20 suburbs swing in favour of buyers
Recent analysis, which claims the Sydney boom is well and truly over, has identified up-and-coming hotspots on the city's fringes.
Sydney suburbs such as St Marys and Campbelltown have transformed from a hotbed of investor activity to a buyer's market in the space of just five months, according to buyer's agent and director of Smart Property Adviser Kevin Lee.
Mr Lee researched CoreLogic RP Data sales statistics for 20 postcodes across Sydney from September 1st 2015 to February 18th 2016, and describes the results as "horrifying".
The research covered the number of new properties listed on the market and the number of properties sold each month for suburbs including St Marys, Campbelltown, Kellyville, Castle Hill and Wahroonga.

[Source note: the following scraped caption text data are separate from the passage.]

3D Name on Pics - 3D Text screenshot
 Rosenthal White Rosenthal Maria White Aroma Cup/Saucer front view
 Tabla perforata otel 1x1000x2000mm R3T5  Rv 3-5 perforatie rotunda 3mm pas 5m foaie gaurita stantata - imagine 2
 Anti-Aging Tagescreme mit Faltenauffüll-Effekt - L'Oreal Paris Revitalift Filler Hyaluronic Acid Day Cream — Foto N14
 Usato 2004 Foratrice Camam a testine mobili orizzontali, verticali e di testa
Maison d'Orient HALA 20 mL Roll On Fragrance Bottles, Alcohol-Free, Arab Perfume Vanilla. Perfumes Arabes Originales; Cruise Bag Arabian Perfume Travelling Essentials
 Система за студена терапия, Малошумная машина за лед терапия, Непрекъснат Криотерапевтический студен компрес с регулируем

All data points to a significant change to the market dynamics at play in Sydney’s middle to outer suburbs, according to Mr Lee.
“If I look at St Marys in September last year, four new properties went to the market and there were 45 sales. If I look at February, 82 properties went to the market and there were nine sales,” he said, adding that investors may have missed their opportunity to capitalise on recent price growth.
“I wouldn’t go to market now if I was thinking of selling, I would not go to market there. I’d say you’d want to keep a monitor on it for the next six months and then reassess, and if you don’t need to sell, don’t sell. Because if you look at that from four properties hitting the market to 82, sales going from 45 down to nine, there’s a lot of pain. Those people that wanted to sell, they’re going to struggle I think.”
Sydney’s inner suburbs don’t appear to have been as dramatically affected over the analysis period, with Mr Lee predicting they will be the last to feel the pain of a changing market sentiment.
“Salubrious ones like Paddington and Mosman and that sort of thing, they haven’t had that influx of new stock on the market, so there’s not the pain, or the speculation, happening there,” he said.
Mosman recorded seven new listings and 101 sales in September 2015, with seven new listings and 31 sales being recorded between February 1 to February 18, 2016.
“When the wave comes through of prices being pushed up, it starts in the eastern suburbs and the northern beaches, southern beaches, and then works its way out to Penrith. It takes about a year I suppose to get to Penrith, and then it comes backwards, it rolls backwards the other way," Mr Lee said.
Even so, regardless of which Sydney suburb investors have purchased in, they’ve probably missed the ideal opportunity to sell, with Mr Lee calling time on the current market cycle.
“I think we have seen the best of it. If you were selling, the best time you would have had would have been up until August, possibly September 2015. After that, you were lucky to get out with anything near the price that you thought you were going to get, and I think if you’re now starting to think about selling in March 2015, you might have to think again.”